• [Work item] Would you retype the lines from the one that holds "FIAT 500 III" to the final line of the entries below, both ends included and exactly as written, but without pictures?

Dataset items
<<<<

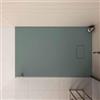 DEGHI Piatto doccia 100x80 cm ultraslim riducibile verde effetto pietra - Rok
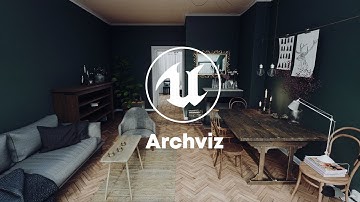 Architecture Real-time - Unreal Engine 4 (Archviz)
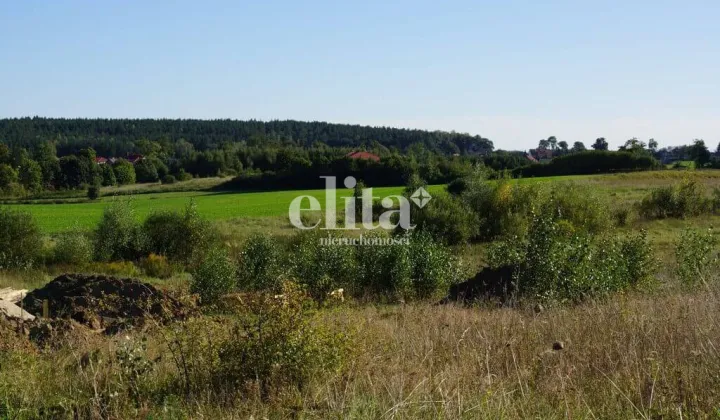 Działka inwestycyjna Kaczki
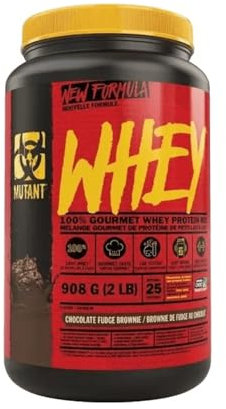 Mutant Mutant Whey, Chocolate Fudge Brownie - 908g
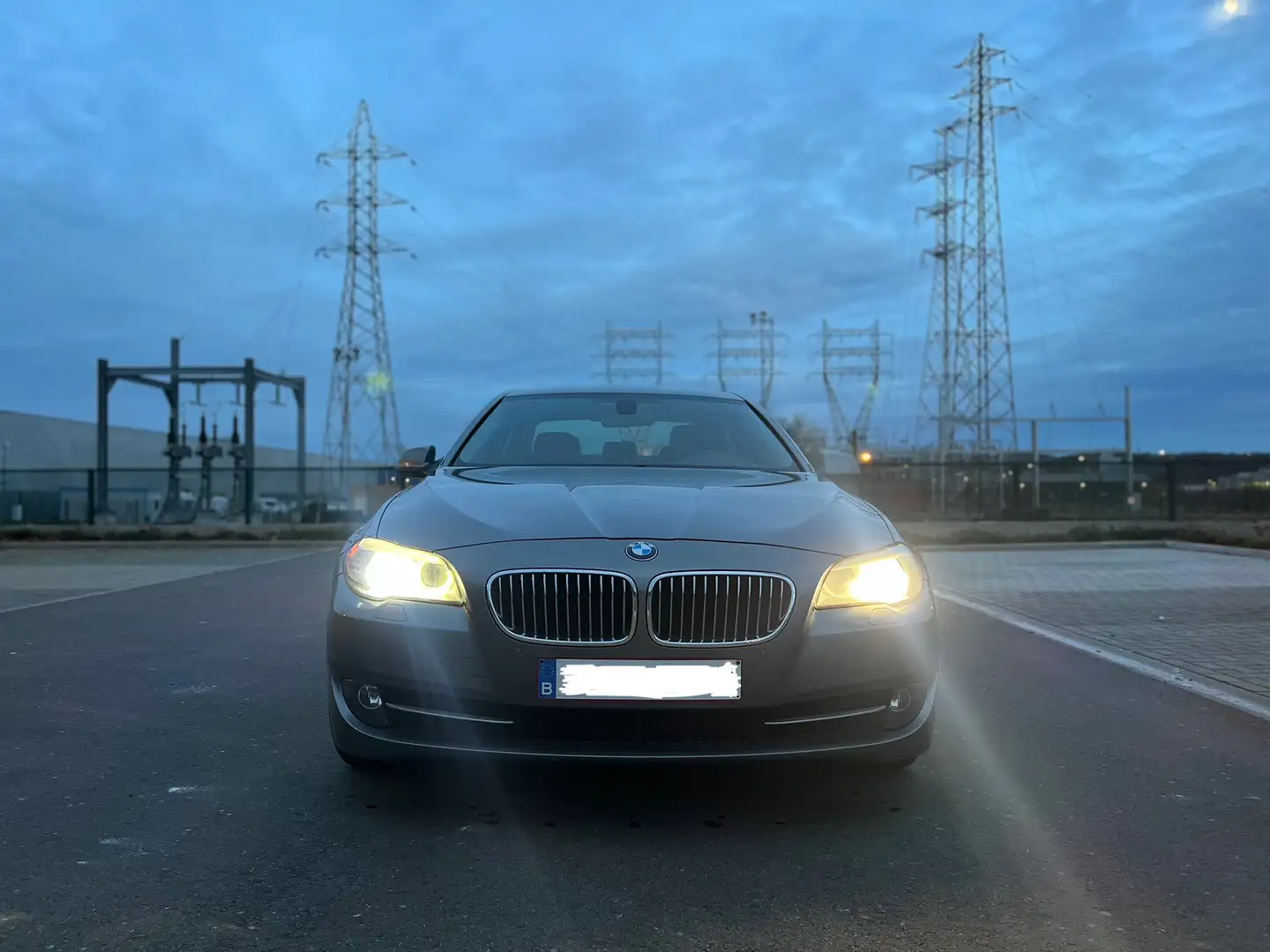 BMW 520 Efficient Dynamics Szürke - 2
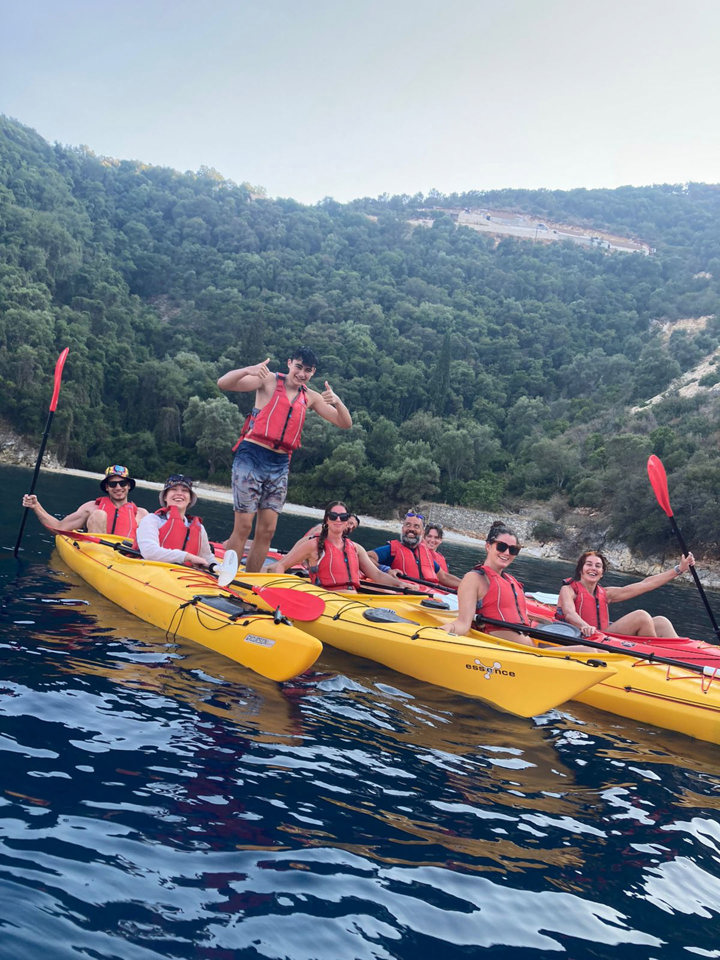 IMG 20240715 Wa0010nydri Skorpios Kayak Lefkada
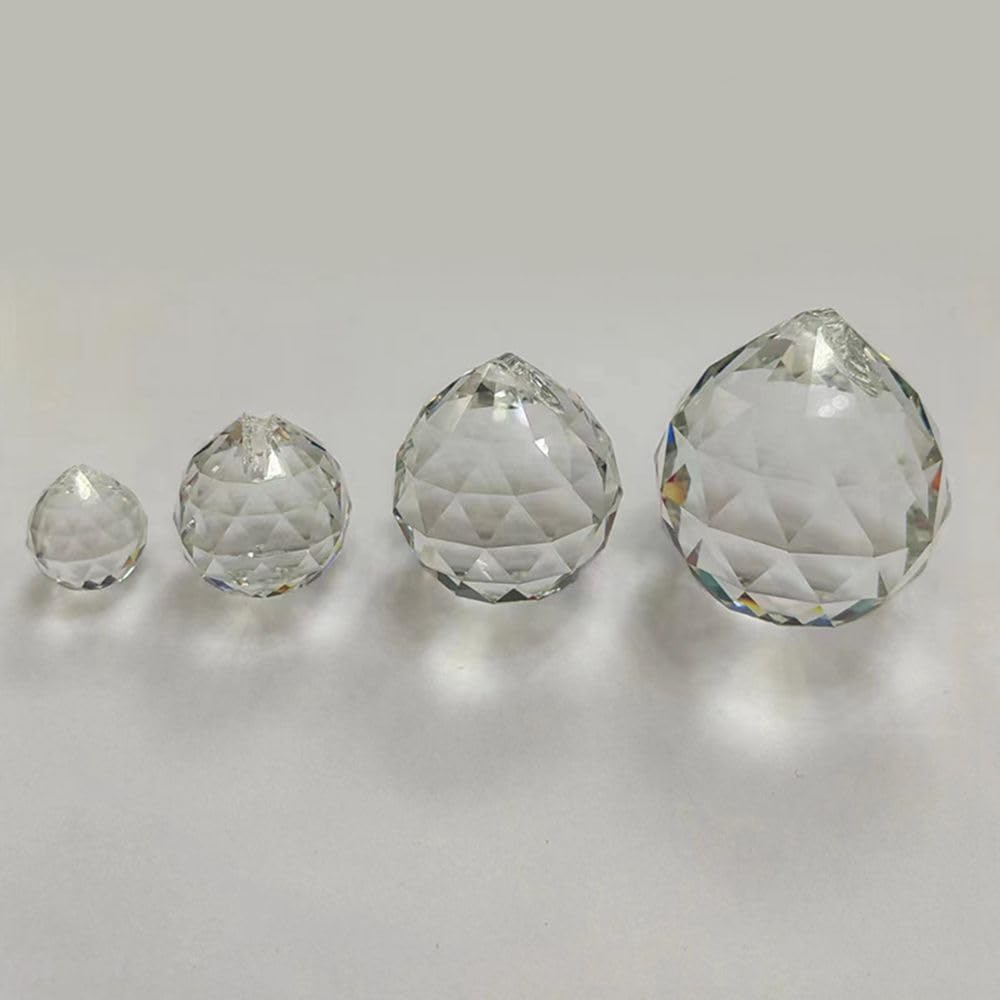 80mm Large Crystal Prism Suncatcher for Windows Hanging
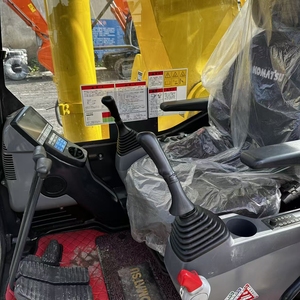 Excavatrice Komatsu PC450 d'occasion en bon état, pelle Komatsu d'origine PC450, excavatrice d'origine disponible à la vente - Product Image 6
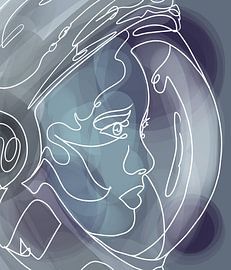 Cosmic Contours van Peridot Alley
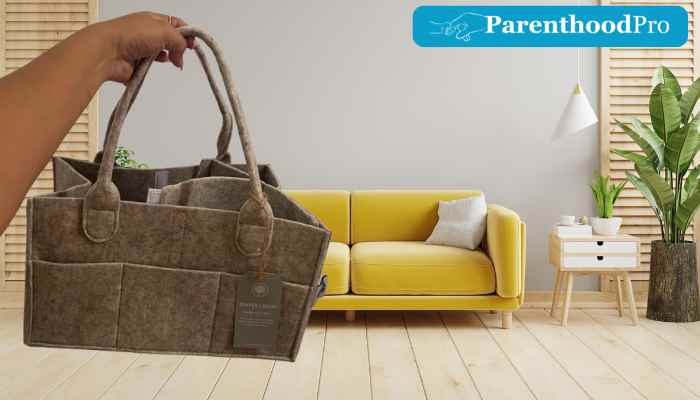 The Diaper caddie Parker parent-caddy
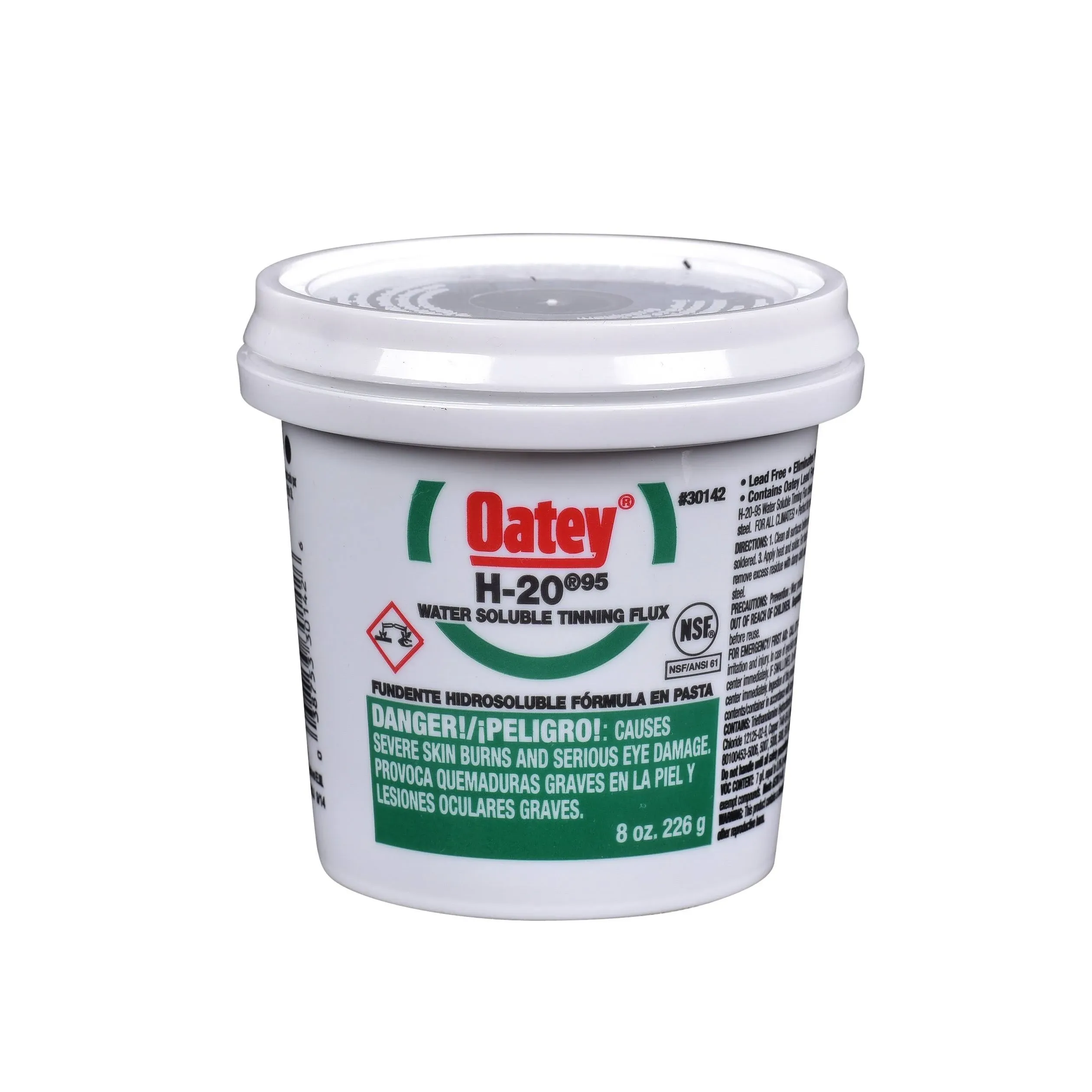 8 Oz. Lead-Free Water Soluble Solder Tinning Flux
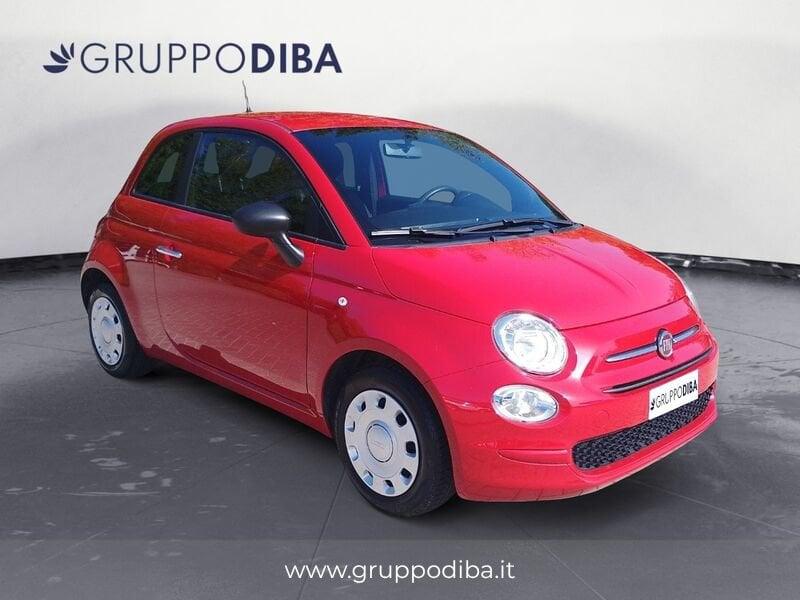 FIAT 500 III 2015 Benzina 1.2 Cult easypower Gpl 69cv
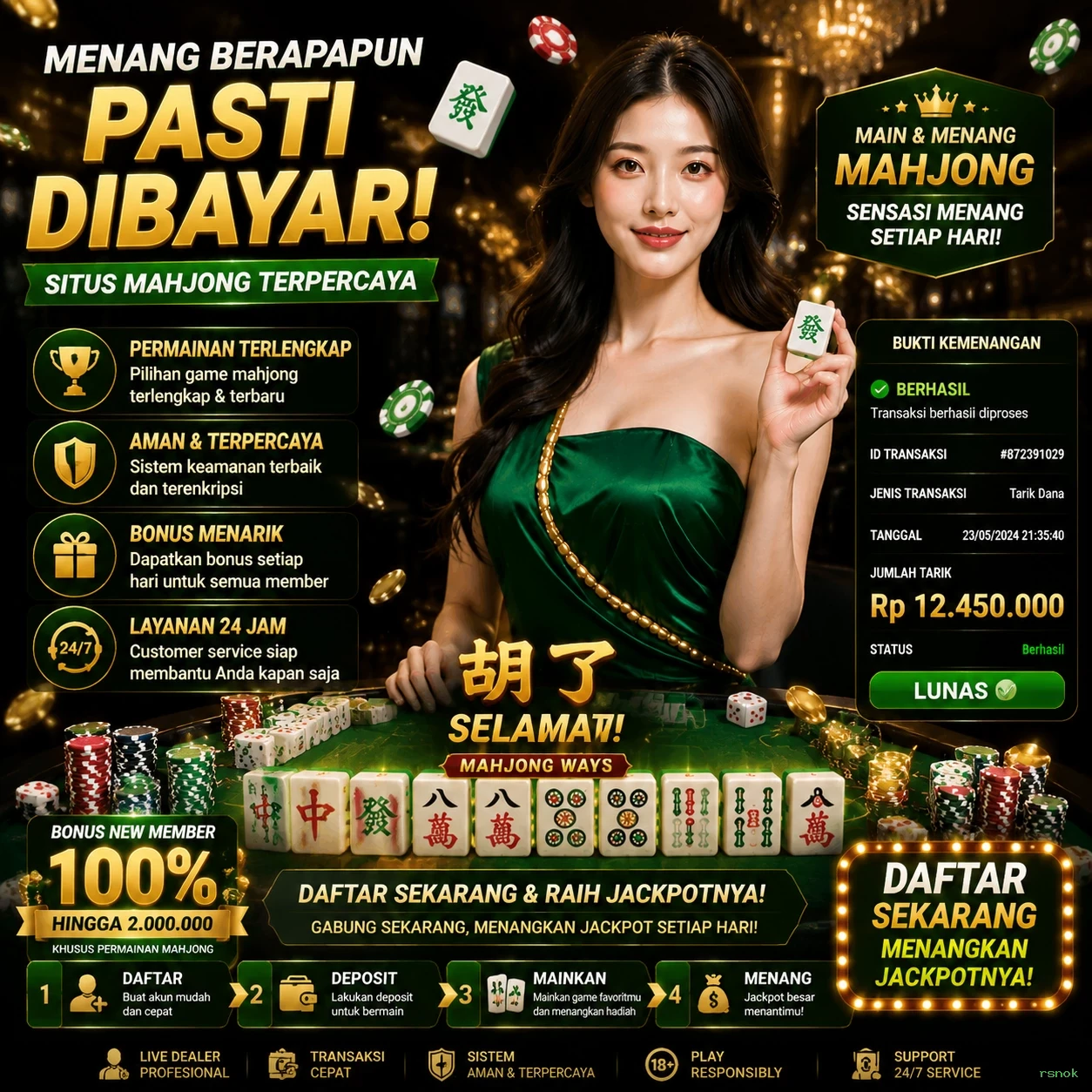 Fortune Tiger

>>>>

• [Output]
 FIAT 500 III 2015 Benzina 1.2 Cult easypower Gpl 69cv
 Fortune Tiger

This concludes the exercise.